Alan and Stephanie Bonder, speaking on behalf of The Jewish Foundation for the Righteous (JFR), captivated an audience of 230 people at Jewish Community Center (JCC) of Middlesex County’s Yom HaShoah, Holocaust Remembrance Day, program.
The Bonders’ presentation focused on Alan’s late father’s wartime story, how as a 13-year-old, Joseph Bonder and his sister Joan managed a harrowing escape from the Skalat ghetto to the village of Ostra Mogila, Poland, where Joan had worked as a teacher. There, they connected with Joan’s former student Bronislaw Firuta, a boy of 14, whose family hid the young siblings from the fall of 1942 through 1944. If discovered by the Nazis, the punishment for this monumental act of courageousness would have led to certain death for all members of the Firuta household, the known penalty for the crime of hiding a Jew in Eastern Europe.
When it eventually became too dangerous for the Bonders to continue hiding in the home, they made their way into the nearby woods where they met up with a group of partisans. The young Firuta would once again distinguish himself, providing support to the partisan group in general and the Bonders in specific. After the war’s end, in 1948, the Bonders, orphans who had lost their entire family, emigrated to the United States, building their lives and families. Joan passed in 1991, and Joseph in 2020.

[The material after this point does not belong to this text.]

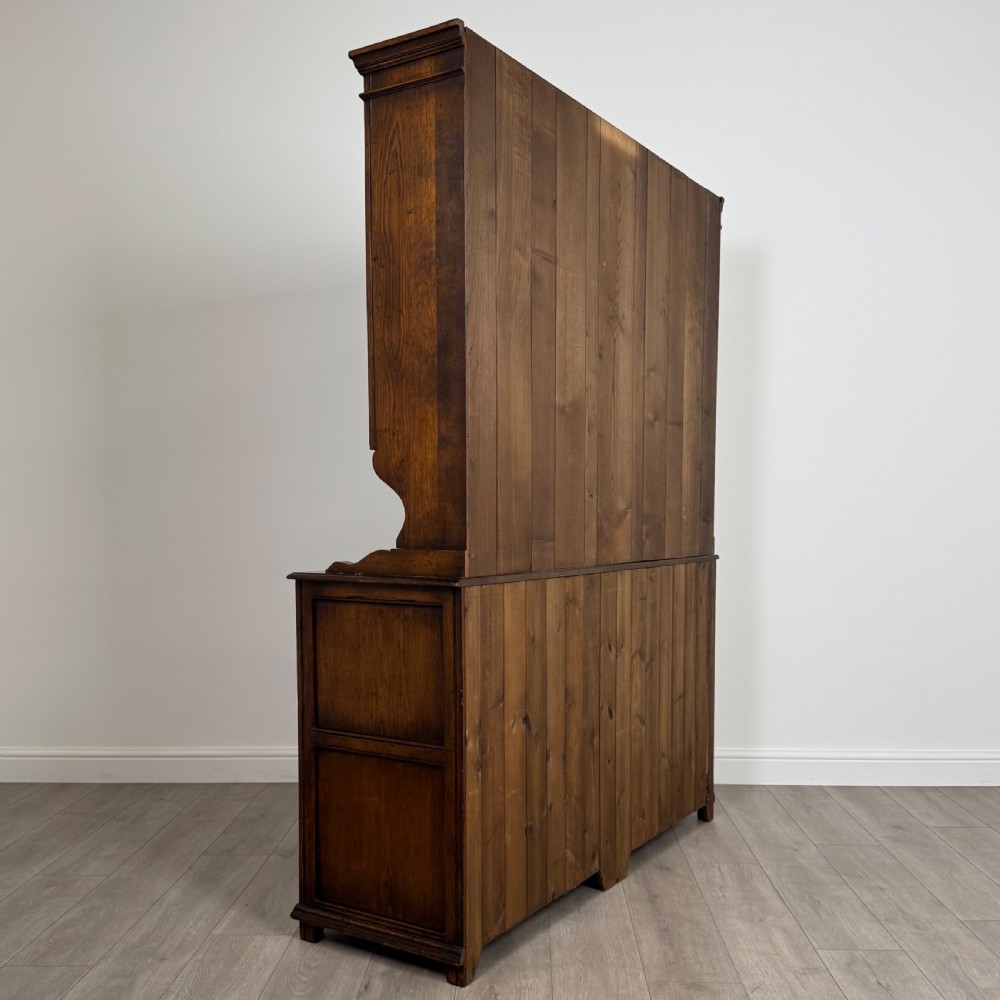 Antique 20th Century Fine Quality Oak Dresser View VI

In 2009, the JFR provided Bonder, his family and his sister’s descendants with the opportunity to finally express their gratitude in person. Following their more than 60-year separation, the non-profit coordinated an emotional reunion between the Bonders and Bronislaw Firuta at JFK airport. The JFR captured key moments for its award-winning documentary, “Village on the Rock”, which was screened at the event.
“As bystanders watched their Jewish neighbors being rounded up for slaughter during the Holocaust, a majority chose to remain indifferent to what was happening around them.” said JFR Executive Vice President Stanlee Stahl. “The courage demonstrated by the Firuta family at the risk to their own lives is unfathomable, and it elevates what is otherwise only a period of darkness and despair in our people’s history. Alan Bonder’s mere presence at this event was a testament to the outcome from this courageous act of heroism, and we have an obligation to the Firutas and all the other righteous gentiles to preserve their legacies by telling their stories.”